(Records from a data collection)
★ ★ ★ ★ ★

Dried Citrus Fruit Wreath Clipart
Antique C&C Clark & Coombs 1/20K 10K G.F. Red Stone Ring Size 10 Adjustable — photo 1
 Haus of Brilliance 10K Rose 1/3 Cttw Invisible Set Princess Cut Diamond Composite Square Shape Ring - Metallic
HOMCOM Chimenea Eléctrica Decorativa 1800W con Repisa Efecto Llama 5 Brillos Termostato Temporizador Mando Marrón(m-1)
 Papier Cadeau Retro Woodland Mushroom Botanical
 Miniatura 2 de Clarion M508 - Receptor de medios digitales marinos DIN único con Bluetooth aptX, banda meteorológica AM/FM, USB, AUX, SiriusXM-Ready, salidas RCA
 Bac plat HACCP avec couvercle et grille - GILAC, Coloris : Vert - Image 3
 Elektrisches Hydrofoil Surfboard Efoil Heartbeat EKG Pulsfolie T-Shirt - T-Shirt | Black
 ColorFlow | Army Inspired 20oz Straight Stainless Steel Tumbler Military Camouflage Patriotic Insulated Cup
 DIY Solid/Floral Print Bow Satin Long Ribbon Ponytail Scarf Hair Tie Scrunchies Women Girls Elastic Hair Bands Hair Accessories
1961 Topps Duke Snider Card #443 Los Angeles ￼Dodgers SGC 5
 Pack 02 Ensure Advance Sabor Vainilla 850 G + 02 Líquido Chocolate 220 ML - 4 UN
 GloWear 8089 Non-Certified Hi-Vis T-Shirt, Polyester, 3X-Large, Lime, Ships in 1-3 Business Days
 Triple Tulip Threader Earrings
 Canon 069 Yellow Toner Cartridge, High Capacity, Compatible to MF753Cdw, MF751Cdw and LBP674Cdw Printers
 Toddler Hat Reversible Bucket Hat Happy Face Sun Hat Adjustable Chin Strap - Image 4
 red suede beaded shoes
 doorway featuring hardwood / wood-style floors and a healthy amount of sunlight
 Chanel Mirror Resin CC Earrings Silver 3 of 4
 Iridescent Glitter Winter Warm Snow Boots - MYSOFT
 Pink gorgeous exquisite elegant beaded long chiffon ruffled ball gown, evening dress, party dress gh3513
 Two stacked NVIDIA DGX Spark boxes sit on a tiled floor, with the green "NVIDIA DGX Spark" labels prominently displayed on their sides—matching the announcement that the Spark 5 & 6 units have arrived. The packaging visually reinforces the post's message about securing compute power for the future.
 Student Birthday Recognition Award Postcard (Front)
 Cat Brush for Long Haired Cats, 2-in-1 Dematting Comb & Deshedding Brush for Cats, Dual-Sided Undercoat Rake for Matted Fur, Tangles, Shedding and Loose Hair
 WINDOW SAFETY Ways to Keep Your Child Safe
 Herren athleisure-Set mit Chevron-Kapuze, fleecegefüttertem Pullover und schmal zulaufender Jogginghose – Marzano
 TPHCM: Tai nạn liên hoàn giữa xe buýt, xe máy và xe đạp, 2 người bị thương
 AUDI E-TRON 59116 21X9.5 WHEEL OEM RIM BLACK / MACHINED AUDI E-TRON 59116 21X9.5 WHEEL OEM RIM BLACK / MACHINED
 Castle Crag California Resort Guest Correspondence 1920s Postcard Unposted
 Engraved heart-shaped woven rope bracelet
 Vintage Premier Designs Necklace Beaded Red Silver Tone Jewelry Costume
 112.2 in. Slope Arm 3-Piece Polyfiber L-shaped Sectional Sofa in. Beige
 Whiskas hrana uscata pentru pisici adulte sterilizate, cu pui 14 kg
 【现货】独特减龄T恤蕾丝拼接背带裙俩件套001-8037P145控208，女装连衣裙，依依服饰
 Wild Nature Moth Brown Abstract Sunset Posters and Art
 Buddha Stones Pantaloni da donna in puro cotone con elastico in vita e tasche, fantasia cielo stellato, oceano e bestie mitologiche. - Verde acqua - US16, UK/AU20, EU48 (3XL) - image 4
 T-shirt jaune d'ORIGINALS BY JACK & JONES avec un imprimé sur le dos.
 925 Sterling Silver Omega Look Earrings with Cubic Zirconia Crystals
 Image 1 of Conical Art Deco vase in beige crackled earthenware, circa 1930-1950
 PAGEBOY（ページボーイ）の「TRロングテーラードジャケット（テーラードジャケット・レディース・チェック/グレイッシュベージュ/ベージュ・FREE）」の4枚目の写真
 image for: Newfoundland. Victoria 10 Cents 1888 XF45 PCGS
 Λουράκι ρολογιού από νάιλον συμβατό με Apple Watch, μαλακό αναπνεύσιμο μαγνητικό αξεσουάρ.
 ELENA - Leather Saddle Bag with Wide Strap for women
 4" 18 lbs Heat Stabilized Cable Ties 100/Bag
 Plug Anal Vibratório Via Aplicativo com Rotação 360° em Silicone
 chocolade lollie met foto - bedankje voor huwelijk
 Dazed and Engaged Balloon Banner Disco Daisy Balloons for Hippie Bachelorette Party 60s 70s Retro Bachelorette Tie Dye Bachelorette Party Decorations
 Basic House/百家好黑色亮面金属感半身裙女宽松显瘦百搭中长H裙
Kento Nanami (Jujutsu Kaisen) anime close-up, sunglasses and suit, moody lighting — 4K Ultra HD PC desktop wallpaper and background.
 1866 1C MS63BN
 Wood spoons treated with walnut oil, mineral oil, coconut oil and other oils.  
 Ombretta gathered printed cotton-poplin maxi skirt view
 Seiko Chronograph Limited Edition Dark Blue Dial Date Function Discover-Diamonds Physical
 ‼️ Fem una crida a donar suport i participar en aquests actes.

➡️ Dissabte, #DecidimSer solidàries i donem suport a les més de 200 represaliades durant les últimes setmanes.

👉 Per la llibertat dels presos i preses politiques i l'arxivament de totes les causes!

★ ★ ★ ★ ★

> **WORK REQUIRED**: Starting at the line that contains "image for: Newfoundland.", retype each remaining line of the records exactly; that line and the last line are both included.

> **YOUR SOLUTION**:
 image for: Newfoundland. Victoria 10 Cents 1888 XF45 PCGS
 Λουράκι ρολογιού από νάιλον συμβατό με Apple Watch, μαλακό αναπνεύσιμο μαγνητικό αξεσουάρ.
 ELENA - Leather Saddle Bag with Wide Strap for women
 4" 18 lbs Heat Stabilized Cable Ties 100/Bag
 Plug Anal Vibratório Via Aplicativo com Rotação 360° em Silicone
 chocolade lollie met foto - bedankje voor huwelijk
 Dazed and Engaged Balloon Banner Disco Daisy Balloons for Hippie Bachelorette Party 60s 70s Retro Bachelorette Tie Dye Bachelorette Party Decorations
 Basic House/百家好黑色亮面金属感半身裙女宽松显瘦百搭中长H裙
Kento Nanami (Jujutsu Kaisen) anime close-up, sunglasses and suit, moody lighting — 4K Ultra HD PC desktop wallpaper and background.
 1866 1C MS63BN
 Wood spoons treated with walnut oil, mineral oil, coconut oil and other oils.  
 Ombretta gathered printed cotton-poplin maxi skirt view
 Seiko Chronograph Limited Edition Dark Blue Dial Date Function Discover-Diamonds Physical
 ‼️ Fem una crida a donar suport i participar en aquests actes.

➡️ Dissabte, #DecidimSer solidàries i donem suport a les més de 200 represaliades durant les últimes setmanes.

👉 Per la llibertat dels presos i preses politiques i l'arxivament de totes les causes!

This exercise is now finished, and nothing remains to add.